_Exercise instructions_:
Restate each of the lines given below, word for word.

Records for the task Block Start

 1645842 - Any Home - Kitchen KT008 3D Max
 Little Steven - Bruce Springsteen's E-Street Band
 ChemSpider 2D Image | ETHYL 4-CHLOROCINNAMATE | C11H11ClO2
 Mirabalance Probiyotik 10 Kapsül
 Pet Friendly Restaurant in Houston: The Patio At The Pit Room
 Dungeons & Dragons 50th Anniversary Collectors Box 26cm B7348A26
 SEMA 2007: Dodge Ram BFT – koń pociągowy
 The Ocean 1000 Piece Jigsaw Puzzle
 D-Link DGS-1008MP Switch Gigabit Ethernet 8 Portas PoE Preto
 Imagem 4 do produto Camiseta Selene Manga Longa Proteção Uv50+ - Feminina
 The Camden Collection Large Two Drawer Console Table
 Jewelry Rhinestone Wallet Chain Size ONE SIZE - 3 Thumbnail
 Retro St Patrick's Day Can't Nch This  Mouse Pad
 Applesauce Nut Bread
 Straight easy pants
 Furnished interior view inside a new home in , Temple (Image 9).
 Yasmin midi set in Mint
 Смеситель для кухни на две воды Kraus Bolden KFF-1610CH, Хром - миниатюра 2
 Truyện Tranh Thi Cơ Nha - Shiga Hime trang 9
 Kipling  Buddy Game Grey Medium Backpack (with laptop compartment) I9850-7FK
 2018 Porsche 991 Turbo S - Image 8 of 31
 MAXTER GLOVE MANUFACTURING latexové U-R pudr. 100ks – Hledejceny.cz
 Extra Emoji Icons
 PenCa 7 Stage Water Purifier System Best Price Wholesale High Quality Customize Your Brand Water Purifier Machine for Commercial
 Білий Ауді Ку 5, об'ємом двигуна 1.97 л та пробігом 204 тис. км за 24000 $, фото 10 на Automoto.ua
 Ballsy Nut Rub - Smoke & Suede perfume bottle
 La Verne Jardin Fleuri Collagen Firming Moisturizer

Records for the task Block End

_Answer to this task_:
 1645842 - Any Home - Kitchen KT008 3D Max
 Little Steven - Bruce Springsteen's E-Street Band
 ChemSpider 2D Image | ETHYL 4-CHLOROCINNAMATE | C11H11ClO2
 Mirabalance Probiyotik 10 Kapsül
 Pet Friendly Restaurant in Houston: The Patio At The Pit Room
 Dungeons & Dragons 50th Anniversary Collectors Box 26cm B7348A26
 SEMA 2007: Dodge Ram BFT – koń pociągowy
 The Ocean 1000 Piece Jigsaw Puzzle
 D-Link DGS-1008MP Switch Gigabit Ethernet 8 Portas PoE Preto
 Imagem 4 do produto Camiseta Selene Manga Longa Proteção Uv50+ - Feminina
 The Camden Collection Large Two Drawer Console Table
 Jewelry Rhinestone Wallet Chain Size ONE SIZE - 3 Thumbnail
 Retro St Patrick's Day Can't Nch This  Mouse Pad
 Applesauce Nut Bread
 Straight easy pants
 Furnished interior view inside a new home in , Temple (Image 9).
 Yasmin midi set in Mint
 Смеситель для кухни на две воды Kraus Bolden KFF-1610CH, Хром - миниатюра 2
 Truyện Tranh Thi Cơ Nha - Shiga Hime trang 9
 Kipling  Buddy Game Grey Medium Backpack (with laptop compartment) I9850-7FK
 2018 Porsche 991 Turbo S - Image 8 of 31
 MAXTER GLOVE MANUFACTURING latexové U-R pudr. 100ks – Hledejceny.cz
 Extra Emoji Icons
 PenCa 7 Stage Water Purifier System Best Price Wholesale High Quality Customize Your Brand Water Purifier Machine for Commercial
 Білий Ауді Ку 5, об'ємом двигуна 1.97 л та пробігом 204 тис. км за 24000 $, фото 10 на Automoto.ua
 Ballsy Nut Rub - Smoke & Suede perfume bottle
 La Verne Jardin Fleuri Collagen Firming Moisturizer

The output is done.